The subgroup property of being a self-normalizing subgroup does not imply the subgroup property of being a contranormal subgroup.

### Verbal statement

It is possible to have a self-normalizing subgroup in a group whose Normal closure (?) in the group is a proper normal subgroup.

## Proof

### An infinite example

The simplest examples of self-normalizing subgroups that are not contranormal can be obtained in the infinite case. Specifically, we have the following fact: any free factor is a self-normalizing subgroup, but its normal closure is a proper subgroup (namely the kernel of the natural projection to the other free factor). Hence, any free factor gives an example of a self-normalizing subgroup which is not contranormal.

### A finite example

Finite examples are somewhat harder to construct. One finite example is as follows: let $G$ be the automorphism group of the symmetric group on six letters. Then, the symmetric group on six letters sits as a normal subgroup of index two inside $G$. Call this subgroup $N$. Now, define $H$ as the subgroup of $N$ comprising those permutations that fix the first letters. Then, $H$ is isomorphic to the symmetric group on five letters.

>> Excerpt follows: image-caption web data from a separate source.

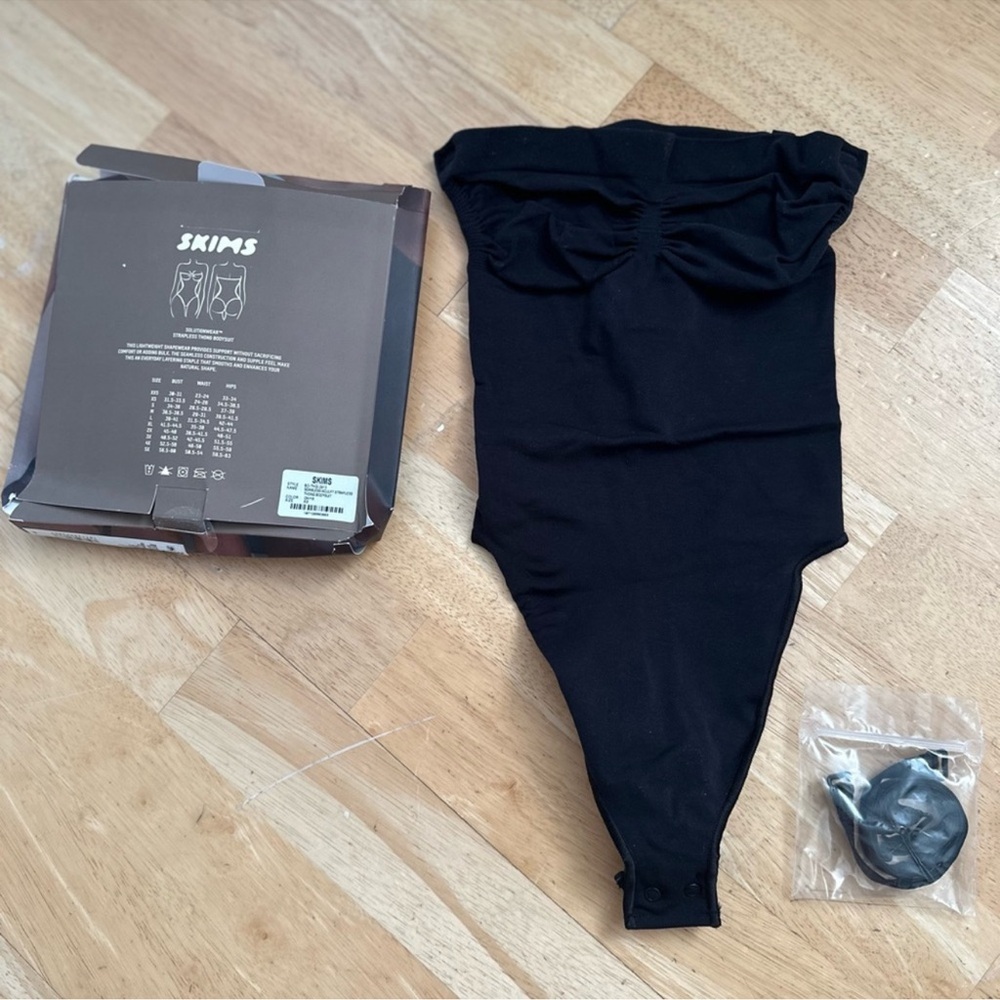 SEAMLESS SCULPT
STRAPLESS THONG
BODYSUIT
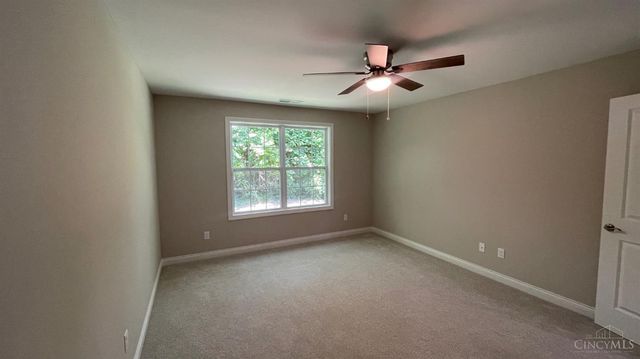 1021 Horseshoe Falls Drive, Lebanon, OH 45036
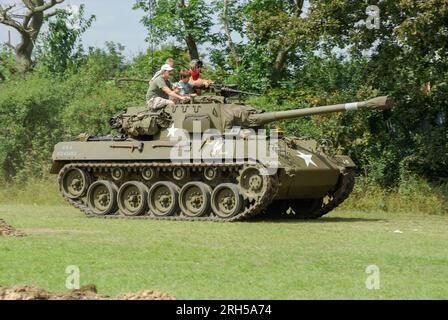 Hellcat-Panzer aus dem Zweiten Weltkrieg M18, 76 mm Gun Motor Carriage M18, wurde bei einer militärischen Nachstellung in Damyns Hall, Essex, Großbritannien, vorgeführt Stockfoto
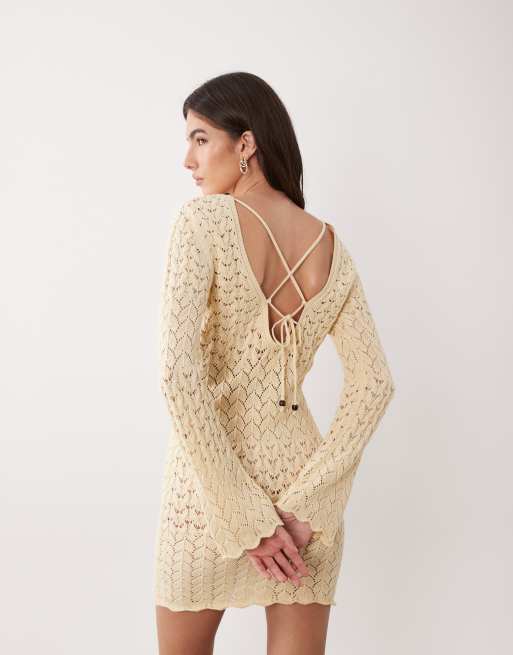 Miss Selfridge - Robe courte à manches longues avec taille en maille au crochet - Beurre, 4 de 4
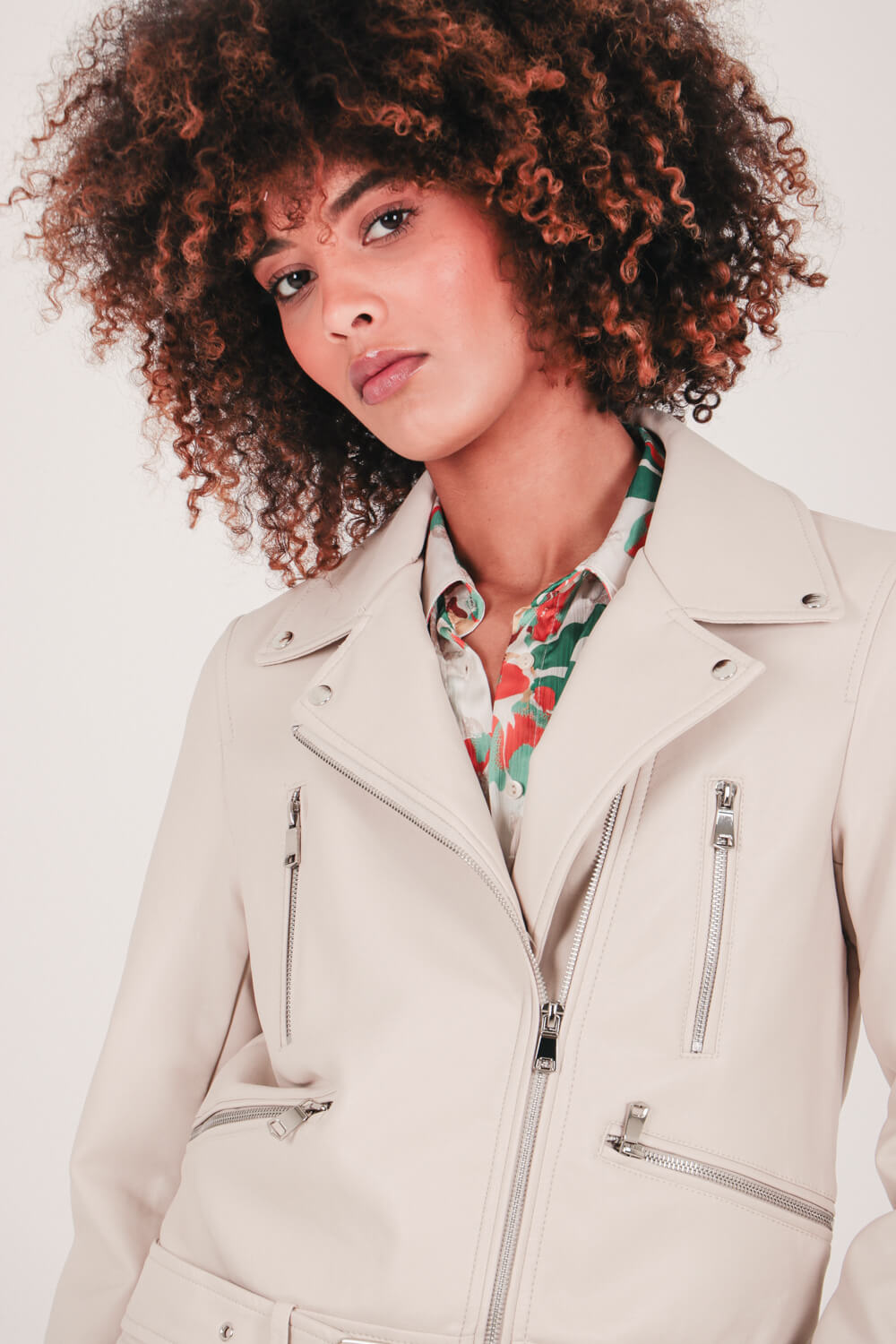 Μπουφάν biker με υφή δέρματος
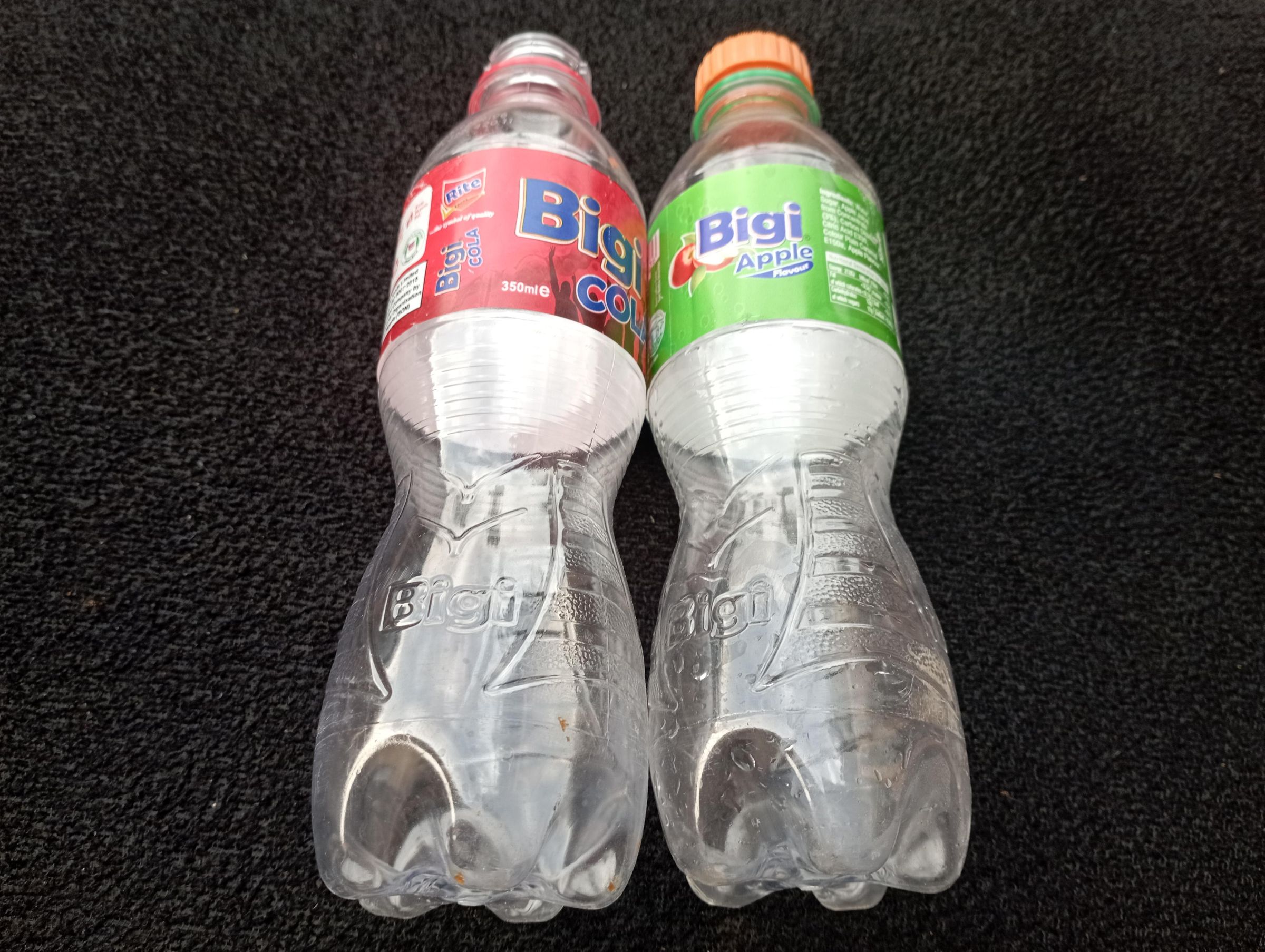 Recycling Soda Bottles Into Bottle Purses. 7 Steps (with Pictures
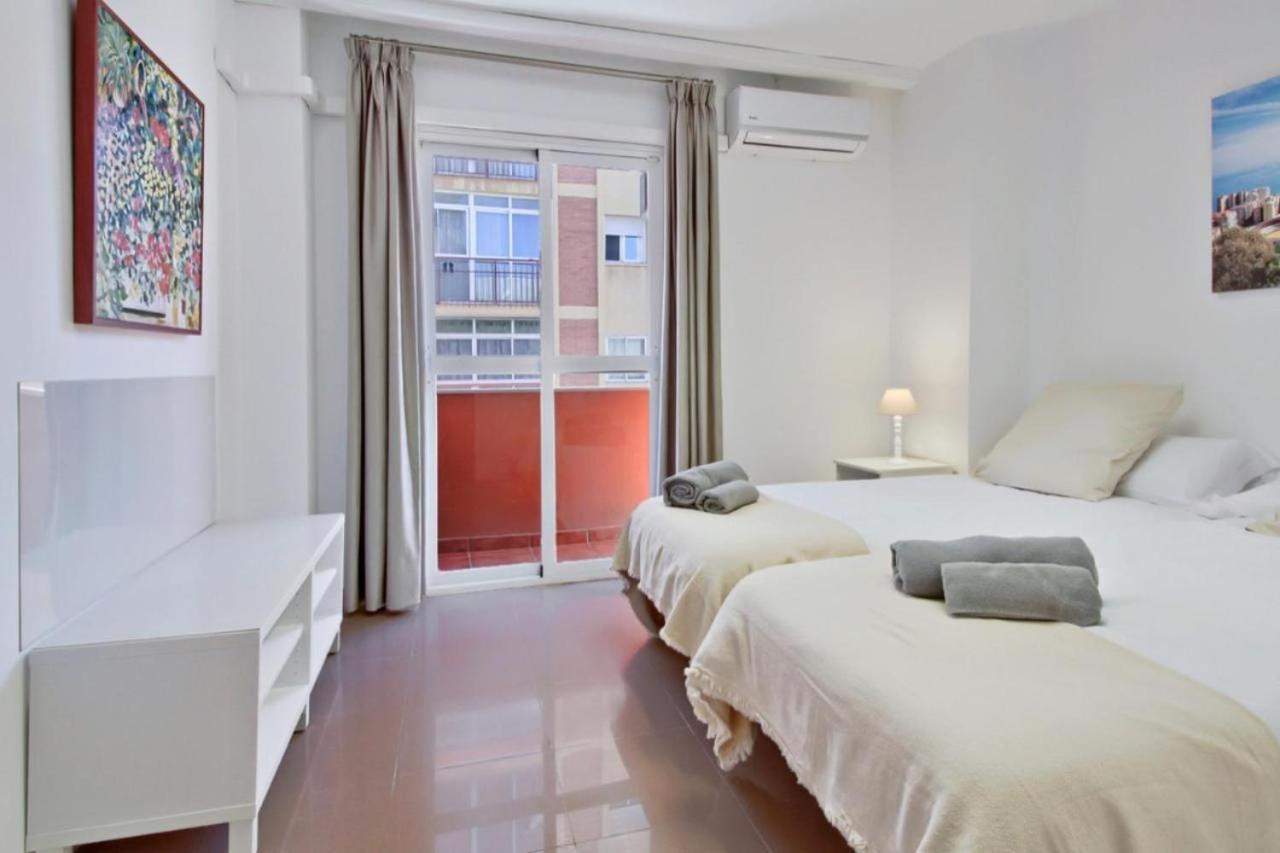 Amplio Piso Con Terraza Leilighet Málaga Eksteriør bilde
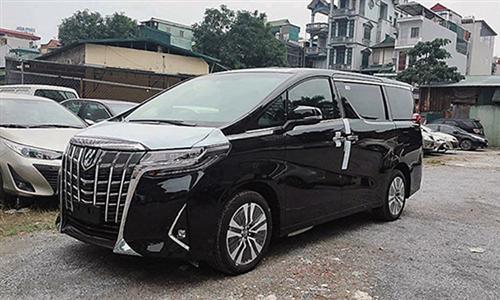 Toyota Vietnam recalls Alphard MPVs over seatbelt fault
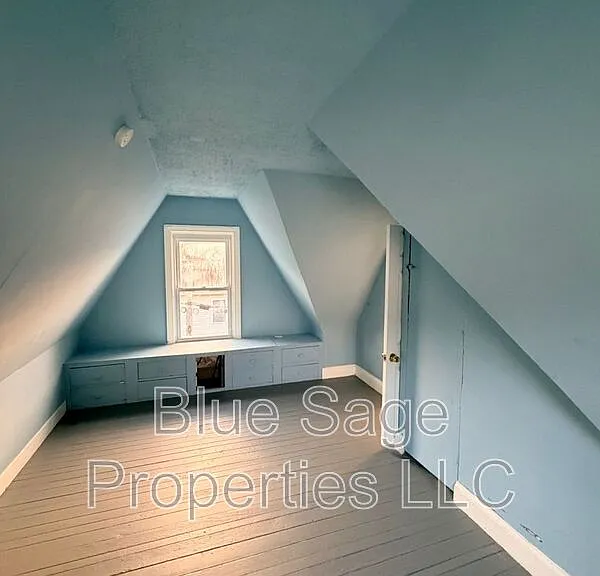 913 8th Ave — Photo 29
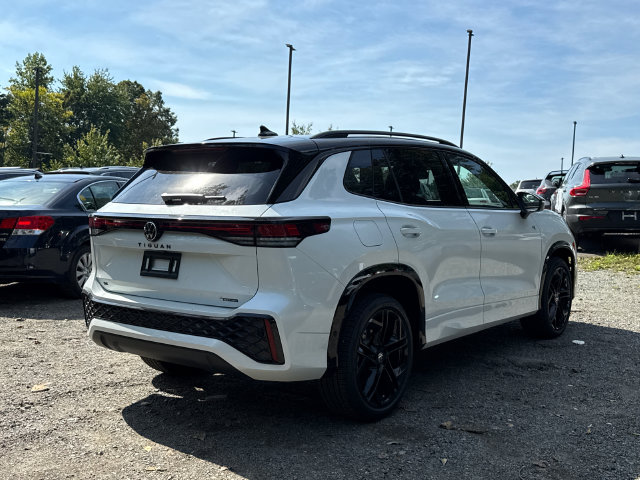 New 2026 Volkswagen Tiguan SE R-Line Black SUV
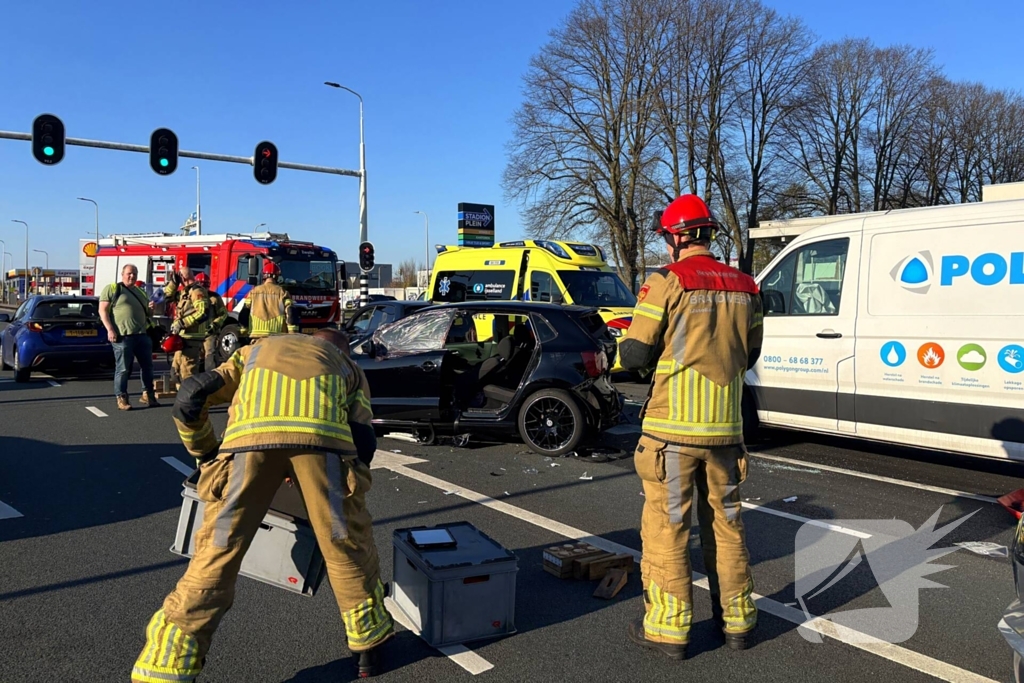 Ongeval tussen meerdere voertuigen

Clearly:

• $H$ is not contranormal in $G$, because it is contained in the proper normal subgroup $N$ of $G$.
• $H$ is self-normalizing in $G$. For this, first observe that conjugating by any element in $N \setminus H$ sends $H$ to a subgroup of $N$ fixing a different letter. Second, conjugating by any element in $G \setminus N$ cannot preserve $H$ because it sends transpositions to triple transpositions, which do not fix any letter.